## Problem description
Would you return every entry below exactly as written, without its images?

## Task data

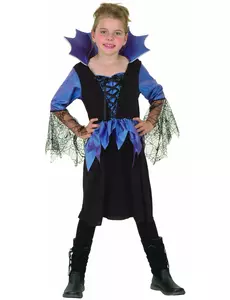 Blå spindeldrottningmaskeraddräkt flicka, Storlek: 7-9 år (120-130 cm)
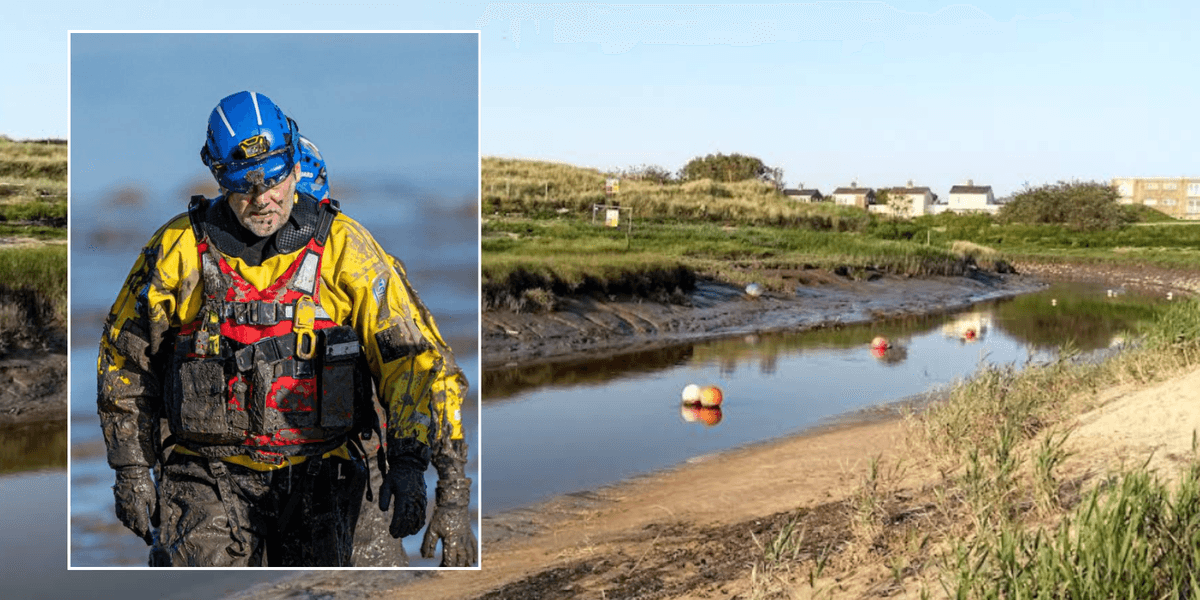Man trapped in coastal mud rescued with just minutes to spare before incoming tide swallowed him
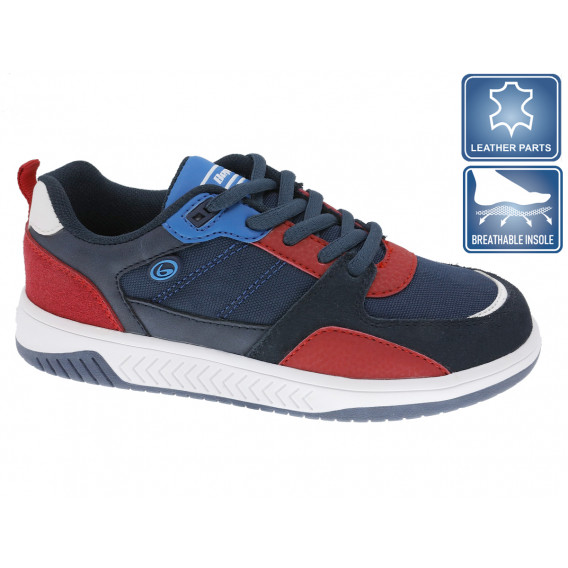 Αθλητικά παπούτσια με κόκκινες και δερμάτινες πινελιές, μπλε Beppi 242998 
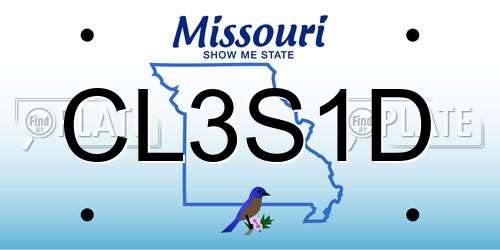 CL3S1D Missouri License Plate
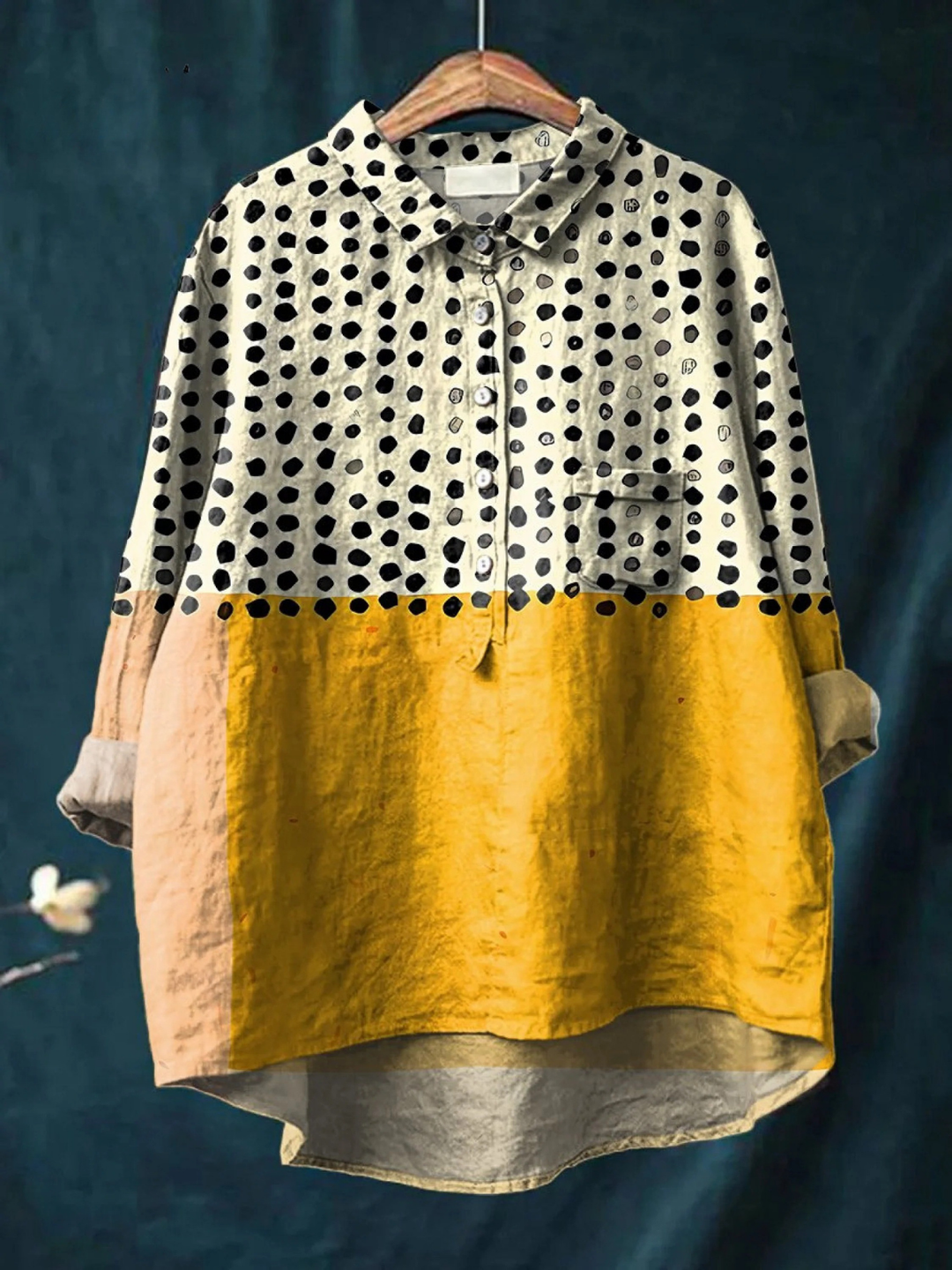 Olivia | Dames yellow colour-blocked dots print casual shirt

## Solution for this exercise
 Blå spindeldrottningmaskeraddräkt flicka, Storlek: 7-9 år (120-130 cm)
Man trapped in coastal mud rescued with just minutes to spare before incoming tide swallowed him
 Αθλητικά παπούτσια με κόκκινες και δερμάτινες πινελιές, μπλε Beppi 242998 
 CL3S1D Missouri License Plate
 Olivia | Dames yellow colour-blocked dots print casual shirt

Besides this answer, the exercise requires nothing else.